[Task directions]
Your response should consist of the entries below, reproduced exactly and without their images.

*** Data listing ***

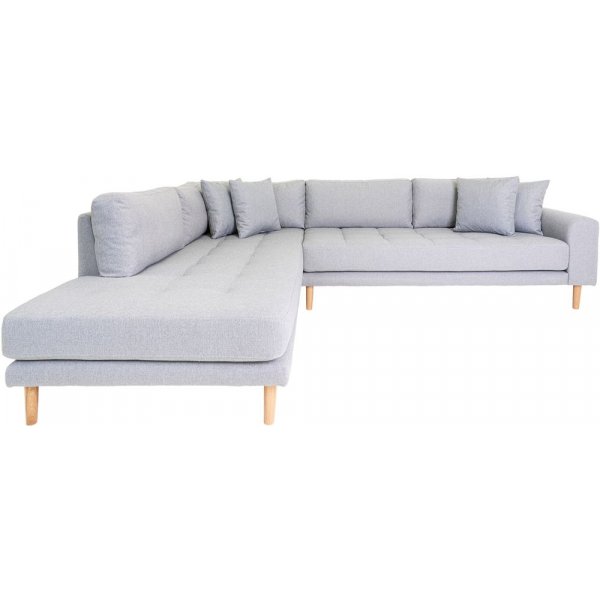 Lido Hjrnesofa med pen finish - Lysegr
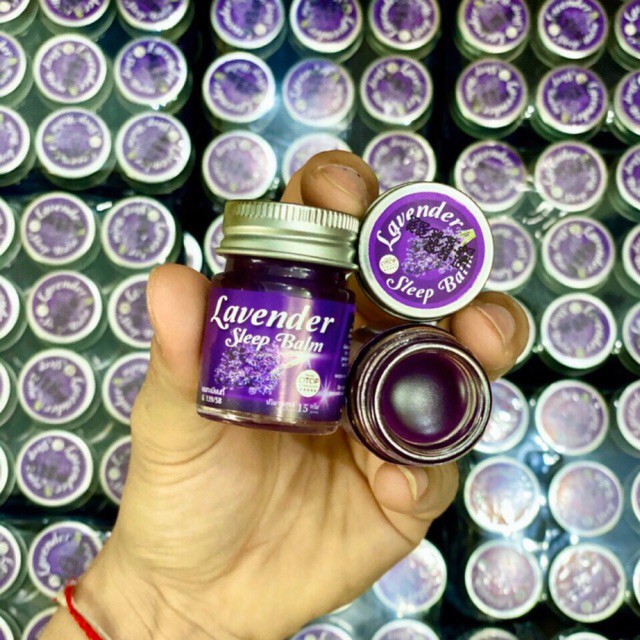 Dầu Cù Là Lavender, Dầu cù là giúp ngủ ngon Thái Lan mùi thơm dễ chịu giúp thư giảm giảm mệt mỏi stress ngủ ngon hơn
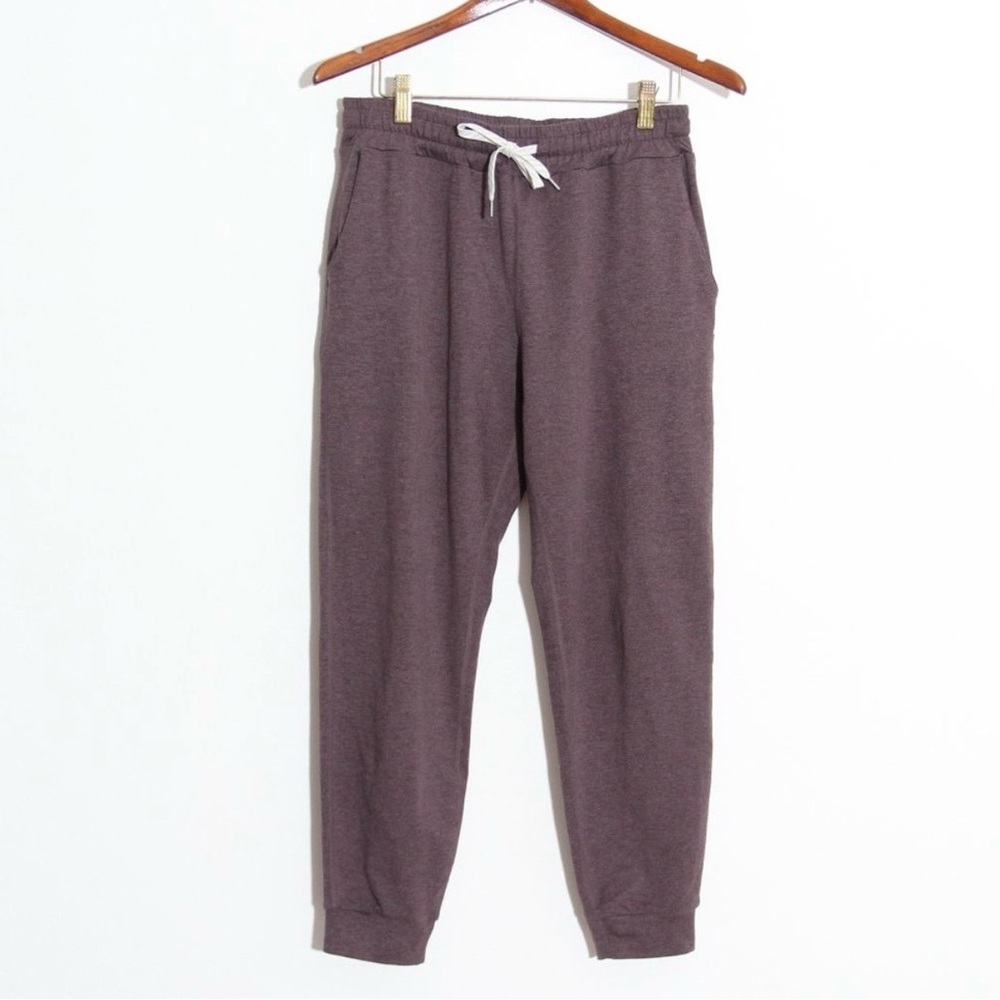 Vuori Performance Jogger Pant Smoked Plum Heather Purple DreamKnit Size Small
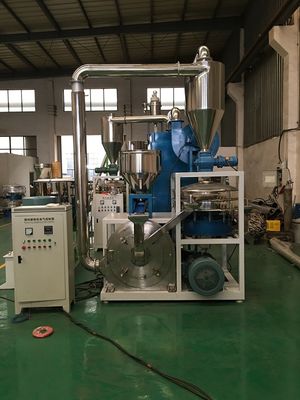 EVA / PET / PVC Pulverizer Machine High Speed Rotation Of Spindle Cutter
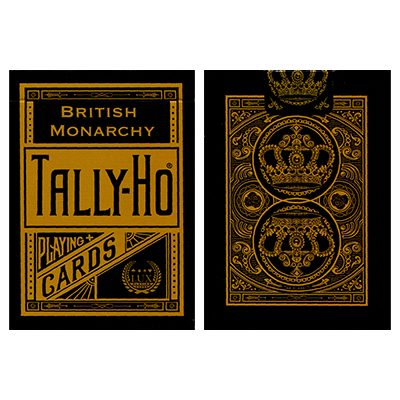 (image for) Tally-Ho British Monarchy Playing Cards by LUX Playing Cards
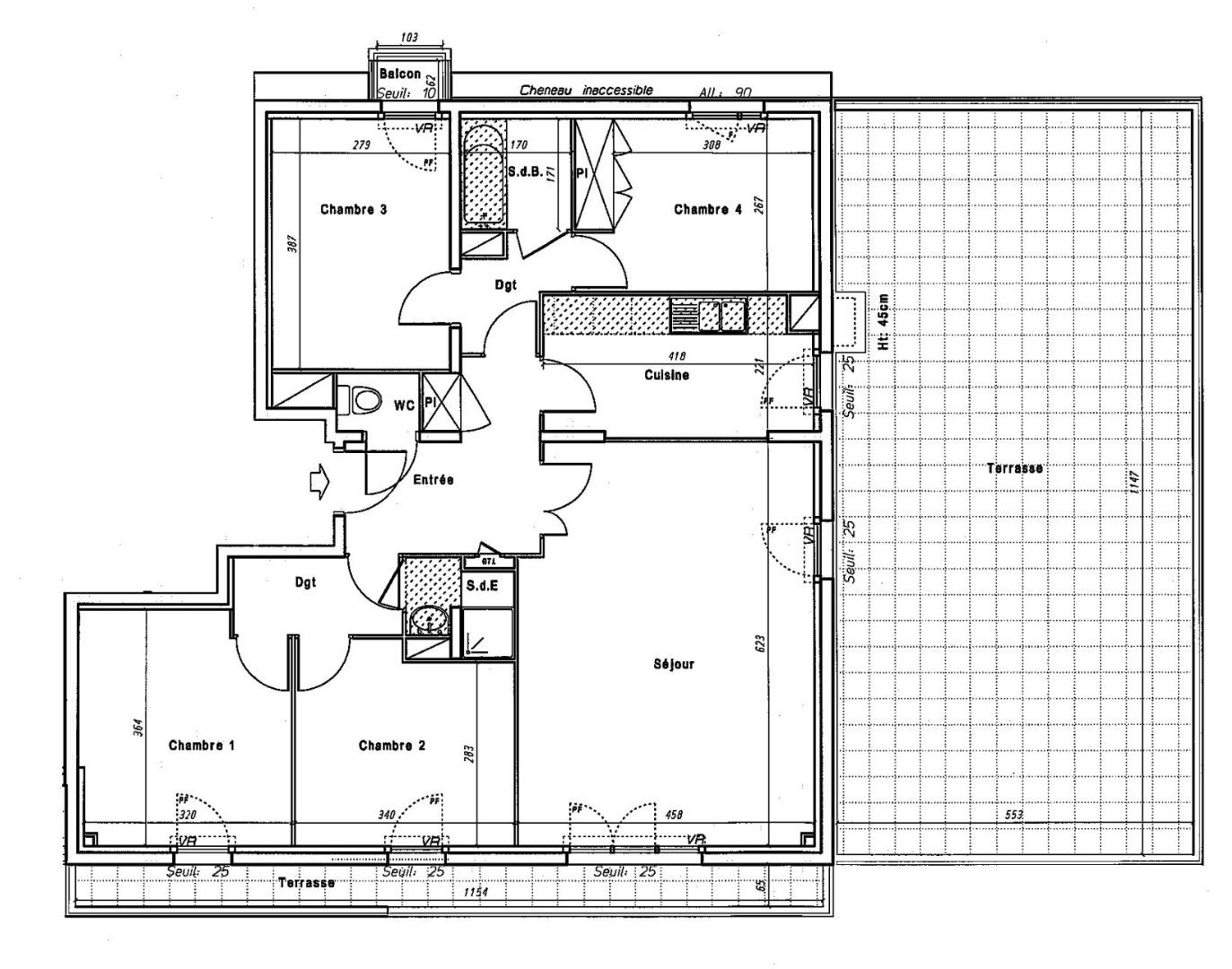 Appartement à vendre, 28m², Gennevilliers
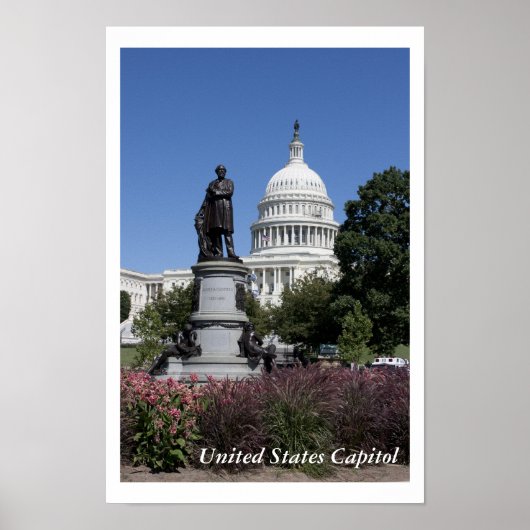 Capitol Verenigde Staten Poster (Voorkant)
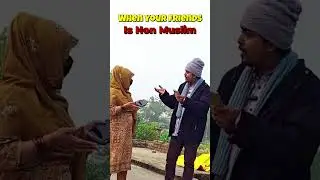 Alhamdulillah Ya Abdullah?  Non-Muslim Dost Ki Confusion 🤣 #comedy #mumbra #mariyamjivlogs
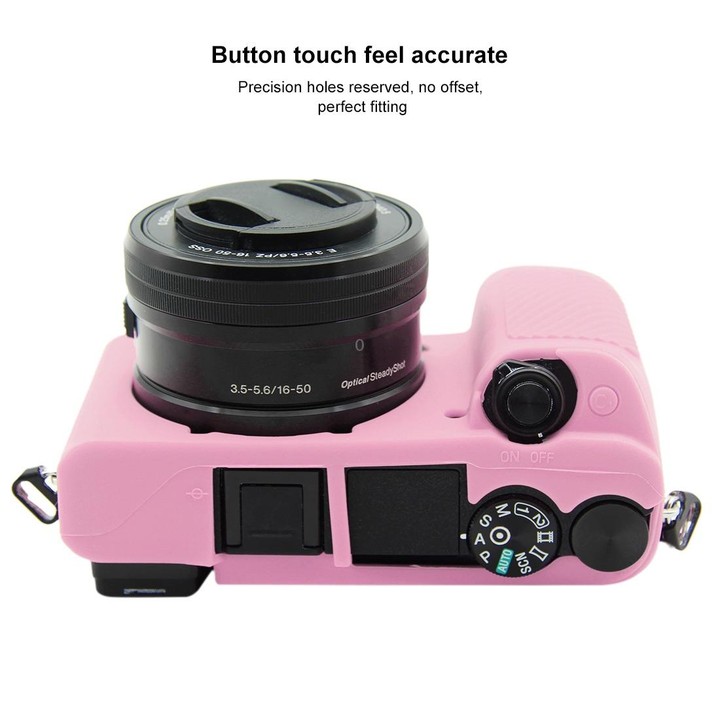 PULUZ Soft Silicone Protective Case for Sony ILCE-6300 / A6400(Pink)
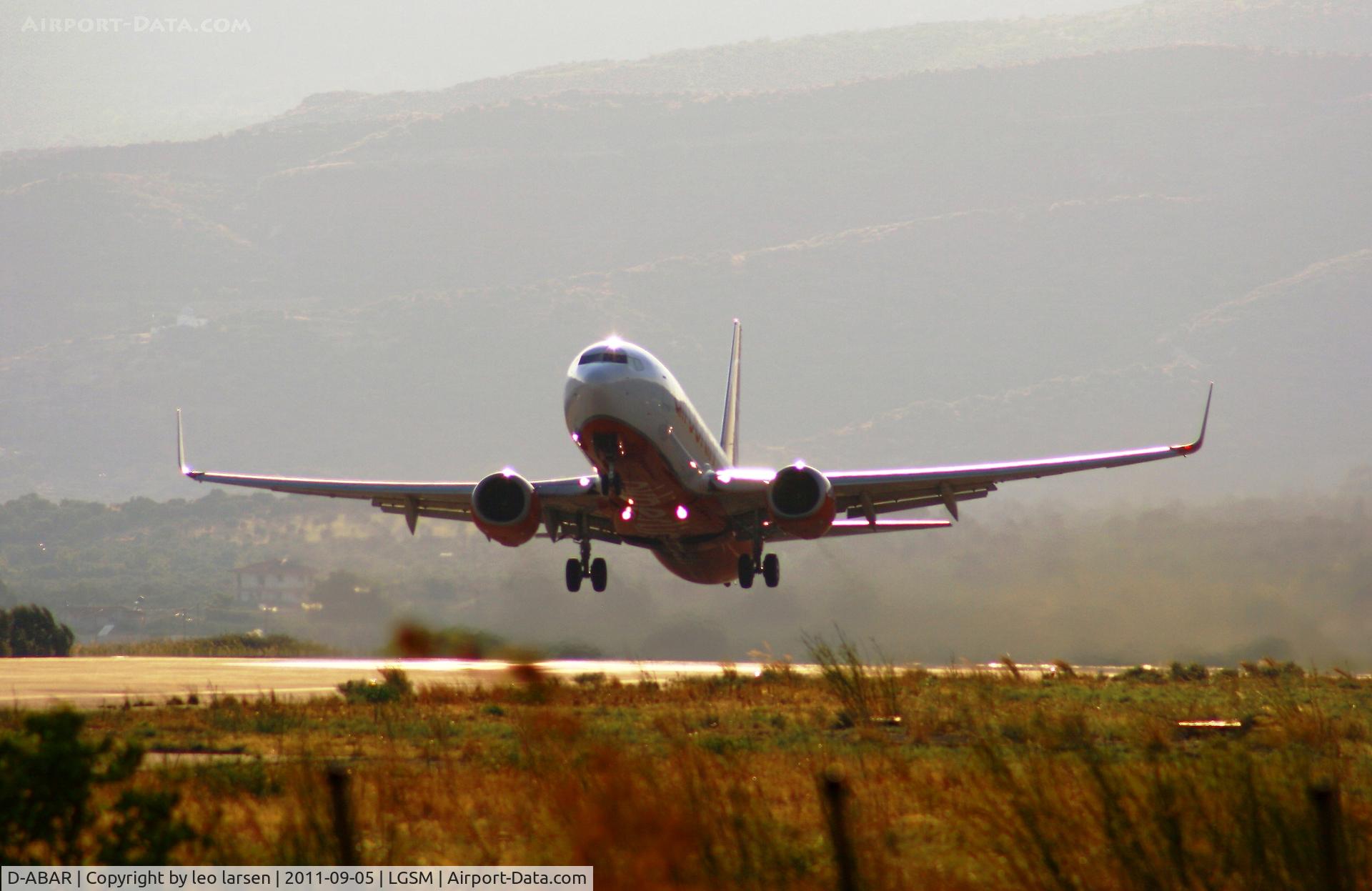 D-ABAR, 1998 Boeing 737-86J C/N 28072, Samos 5.9.11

*** End of Data listing ***

[Solution]
 Lido Hjrnesofa med pen finish - Lysegr
 Dầu Cù Là Lavender, Dầu cù là giúp ngủ ngon Thái Lan mùi thơm dễ chịu giúp thư giảm giảm mệt mỏi stress ngủ ngon hơn
 Vuori Performance Jogger Pant Smoked Plum Heather Purple DreamKnit Size Small
 EVA / PET / PVC Pulverizer Machine High Speed Rotation Of Spindle Cutter
 (image for) Tally-Ho British Monarchy Playing Cards by LUX Playing Cards
 Appartement à vendre, 28m², Gennevilliers
 Capitol Verenigde Staten Poster (Voorkant)
 Alhamdulillah Ya Abdullah?  Non-Muslim Dost Ki Confusion 🤣 #comedy #mumbra #mariyamjivlogs
 PULUZ Soft Silicone Protective Case for Sony ILCE-6300 / A6400(Pink)
 D-ABAR, 1998 Boeing 737-86J C/N 28072, Samos 5.9.11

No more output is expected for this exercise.